*What you will do:* The required answer is an exact copy of the lines from the one containing "Trauring Ehering DEVOTION" to the end of the listing, both included, without any pictures.

*Given data:*
******

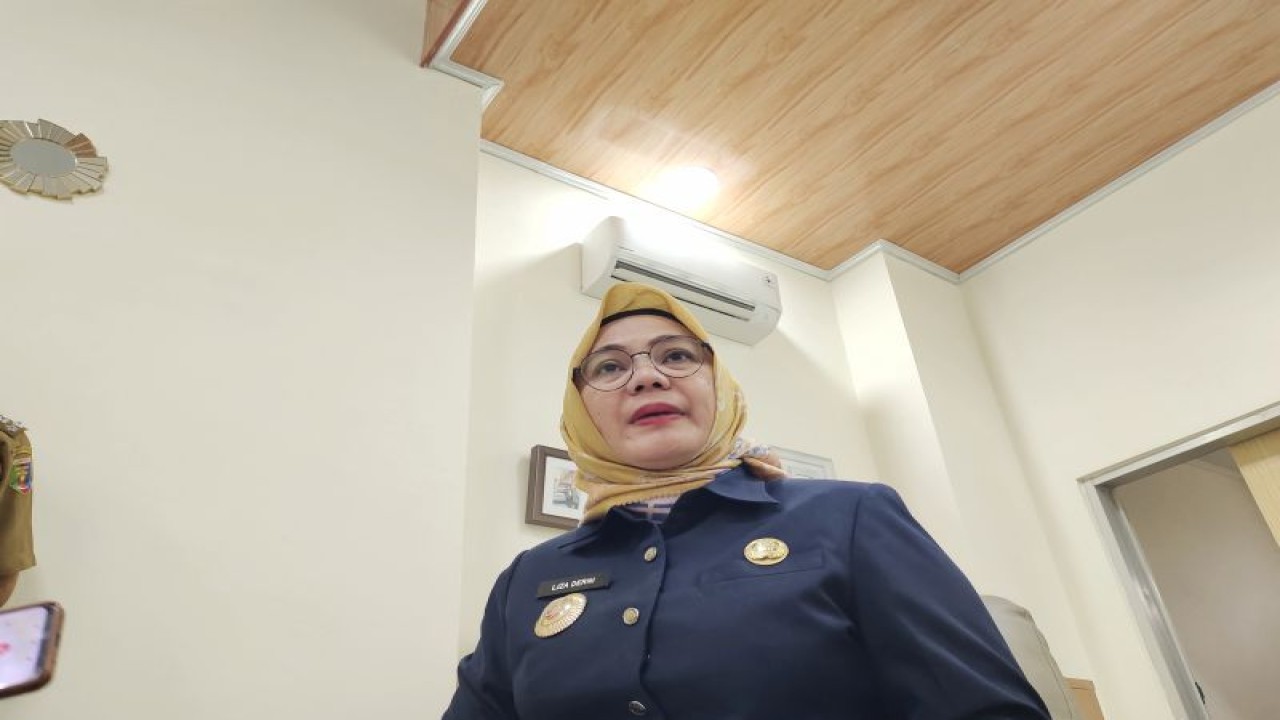 Kepala Dinas Kelautan dan Perikanan Provinsi Lampung Liza Derni saat memberi keterangan terkait perkembangan perikanan Lampung. Bandarlampung, Senin (22/1/2024). ANTARA/Ruth Intan Sozometa Kanafi.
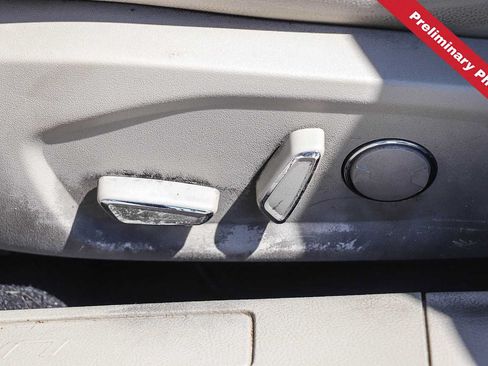Used 2019 Ford Fusion SEL FWD image 15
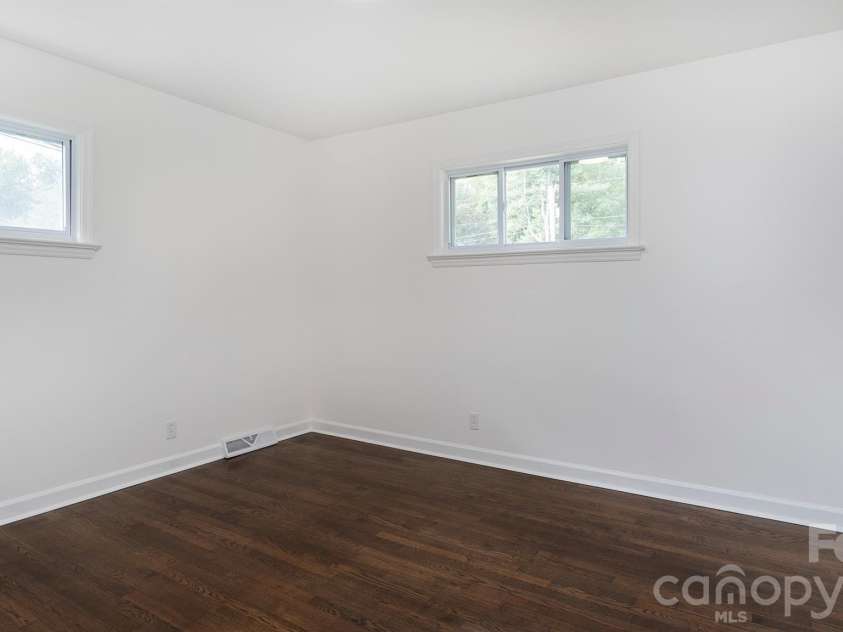 6400 Elmwood Circle, Charlotte, NC 28214.  MLS# CAR4425506, YatesRealty ID 51934. 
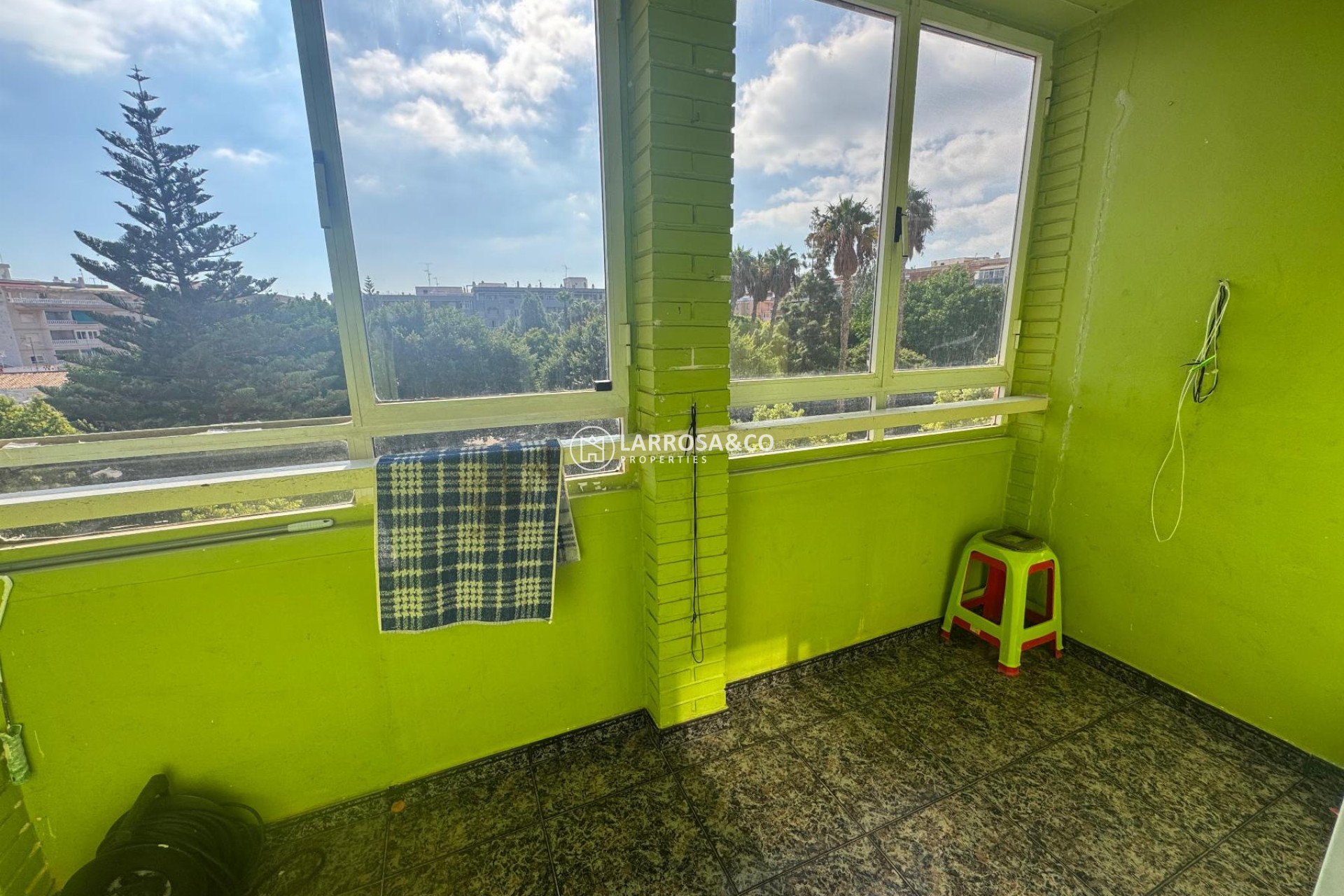 Resale - Apartment - Torrevieja - Playa del Acequión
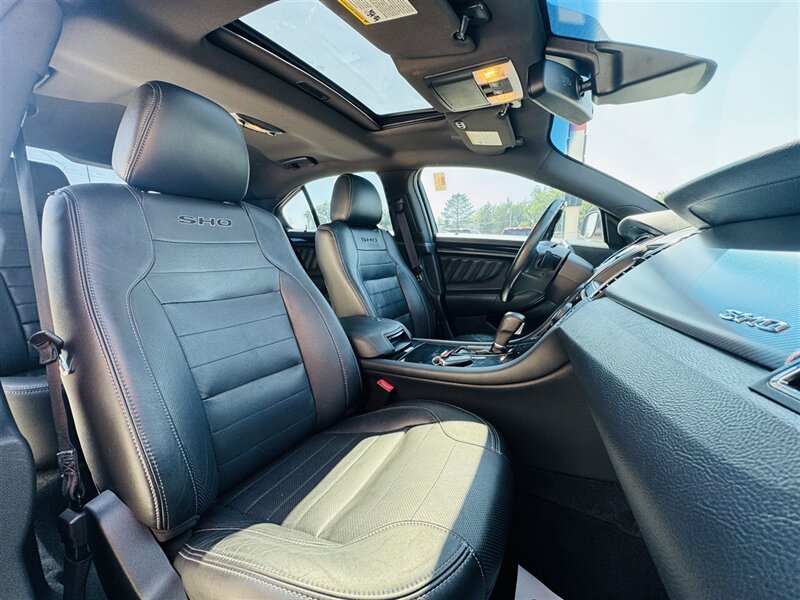 2014 Ford Taurus SHO - Photo 9 - Lexington, NE 68850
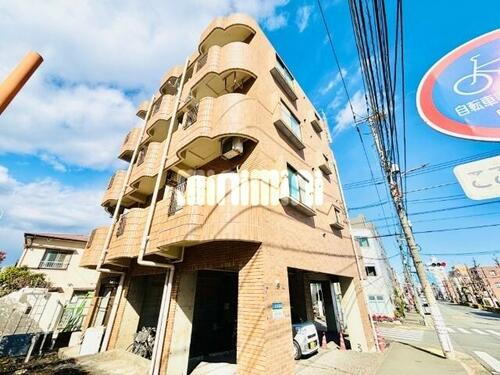 アレーゼＫ 4階建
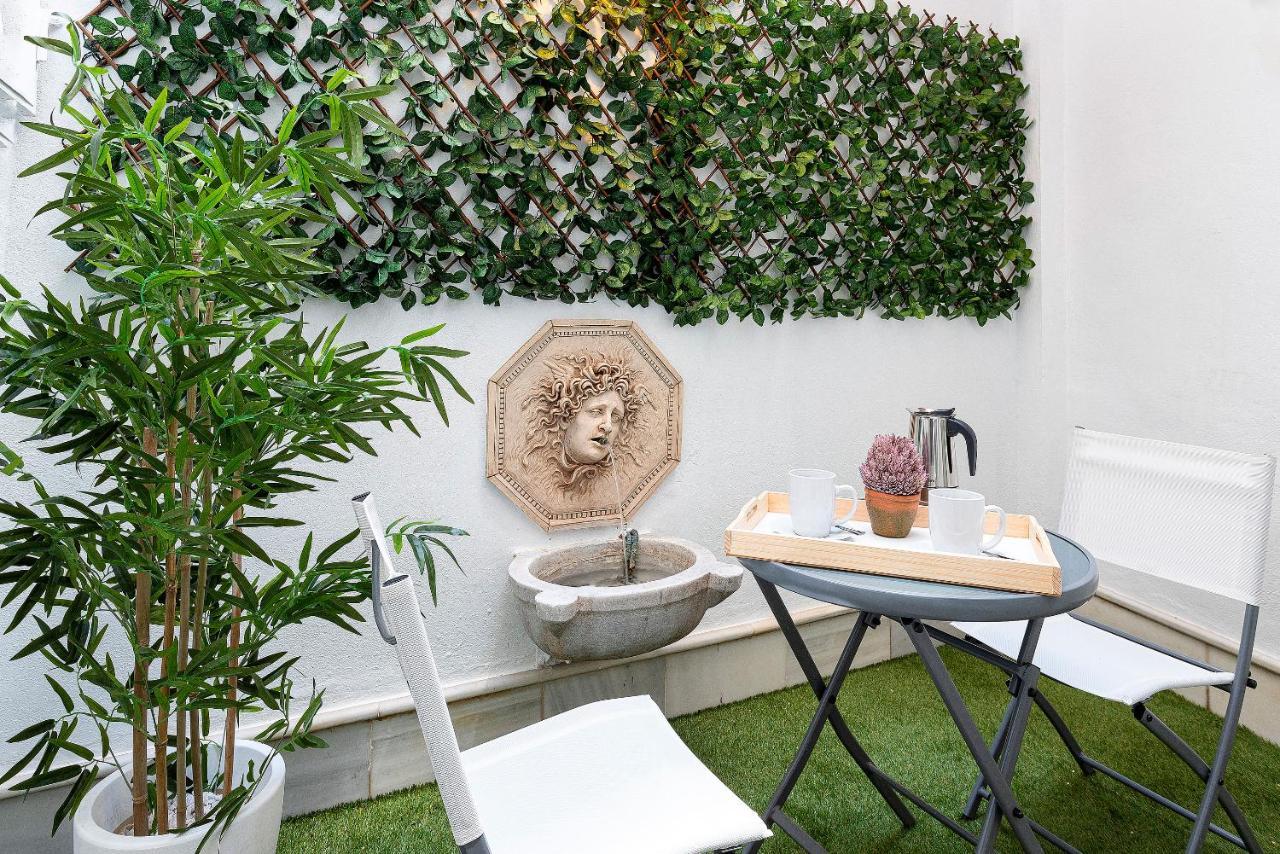 Genteel Home Plaza Nueva Севилья Экстерьер фото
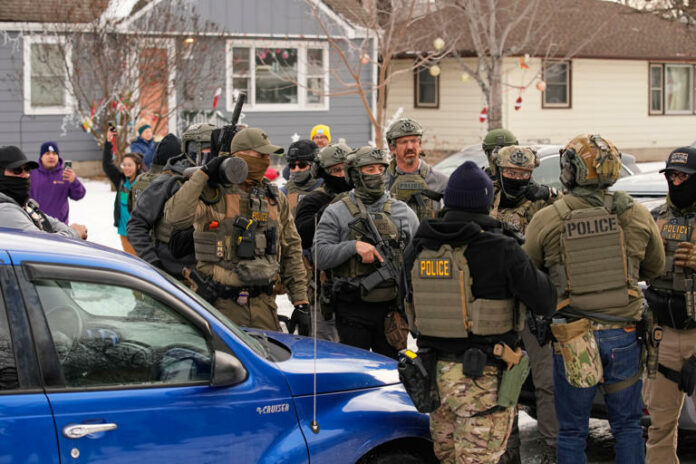 Tribunal de Minnesota prohíbe al ICE utilizar la fuerza contra manifestantes y detenerlos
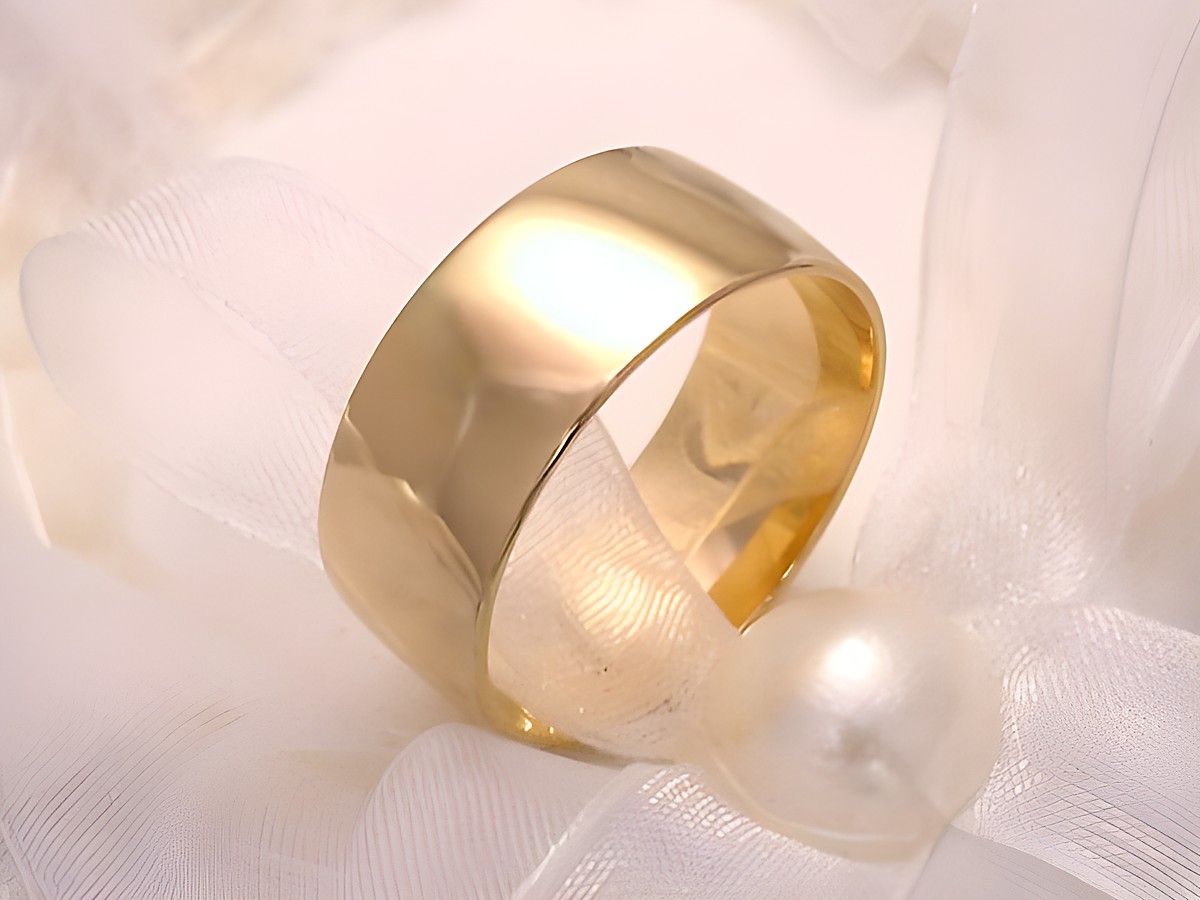 Trauring Ehering DEVOTION aus Gold 585 in Größe 56/17,8 von Juwelier Harnisch, schlichte und elegante Form, ideal für den schönsten Tag im Leben.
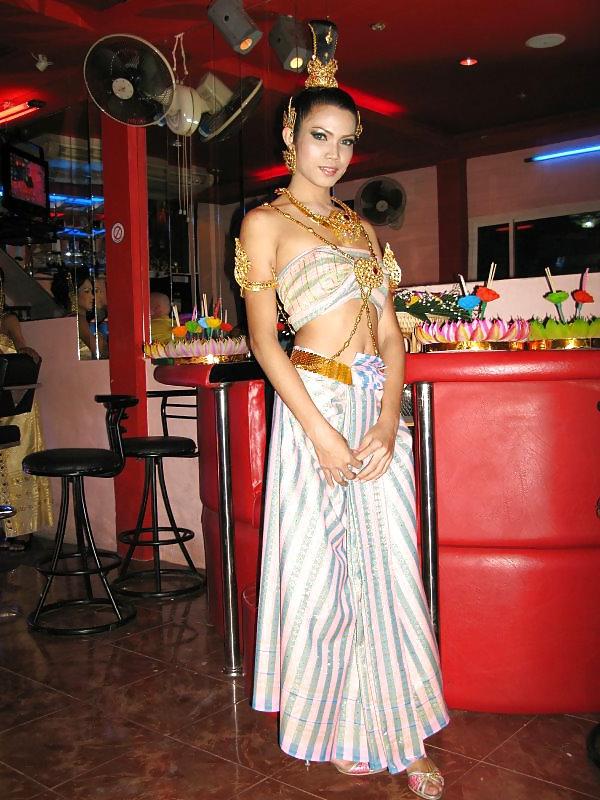 25P Ladyboy Bee from Pattaya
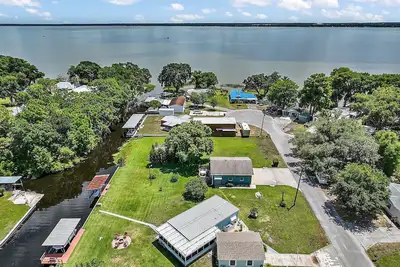 Image de Fisherman's paradise on Lake Eustis in Leesburg, Fl on the Chain of Lakes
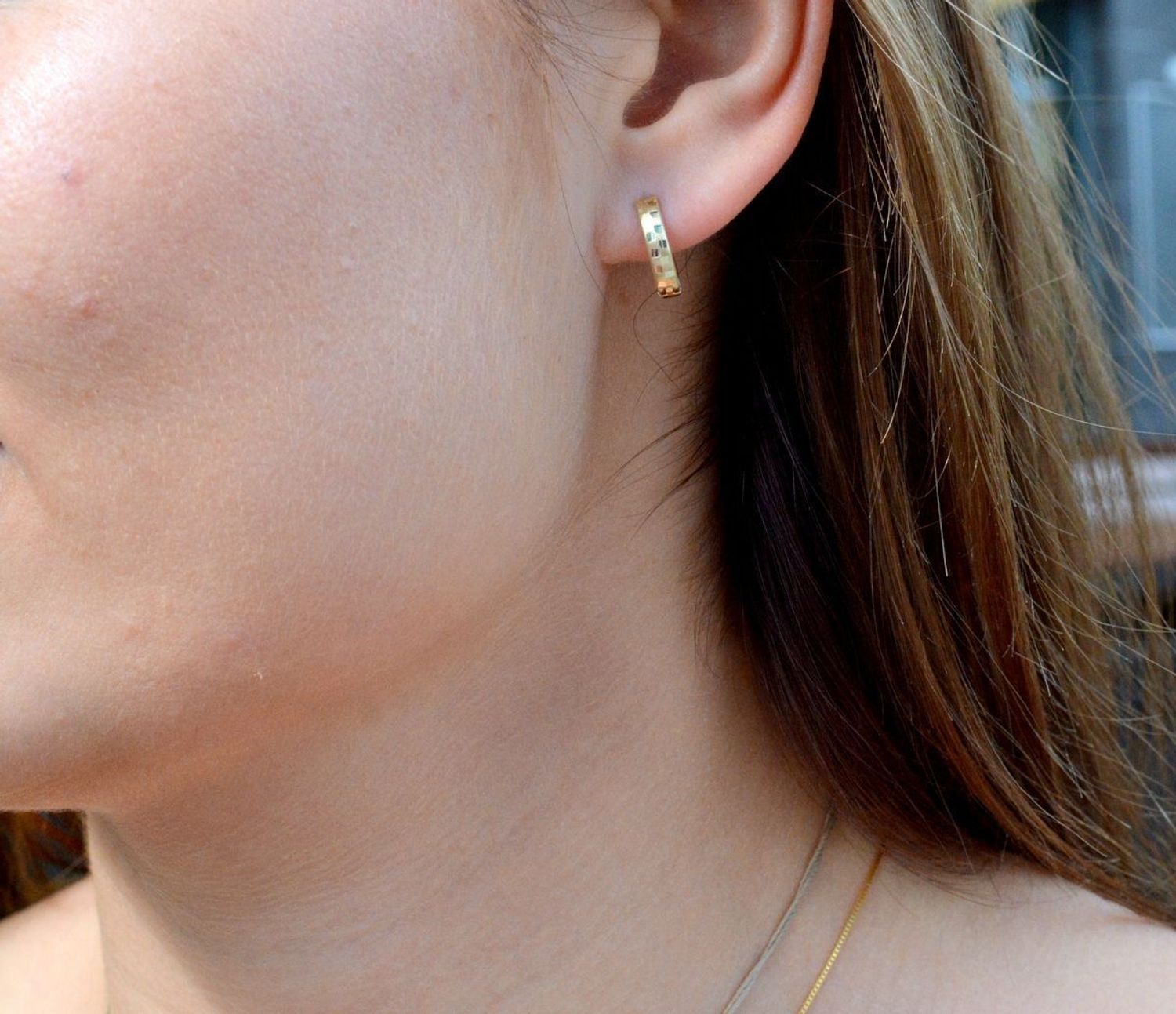 Złote kolczyki wiszące klasyczne próby 333 KL 5213A 333. Na prezent. Klasyczne kolczyki. Niezwykle urokliwa biżuteria ozdobiona żłobieniami z matowym akcentem. Geometryczne kolczyki. Delikatna biżuteria..jpg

******

*Solution to the exercise:*
 Trauring Ehering DEVOTION aus Gold 585 in Größe 56/17,8 von Juwelier Harnisch, schlichte und elegante Form, ideal für den schönsten Tag im Leben.
 25P Ladyboy Bee from Pattaya
 Image de Fisherman's paradise on Lake Eustis in Leesburg, Fl on the Chain of Lakes
 Złote kolczyki wiszące klasyczne próby 333 KL 5213A 333. Na prezent. Klasyczne kolczyki. Niezwykle urokliwa biżuteria ozdobiona żłobieniami z matowym akcentem. Geometryczne kolczyki. Delikatna biżuteria..jpg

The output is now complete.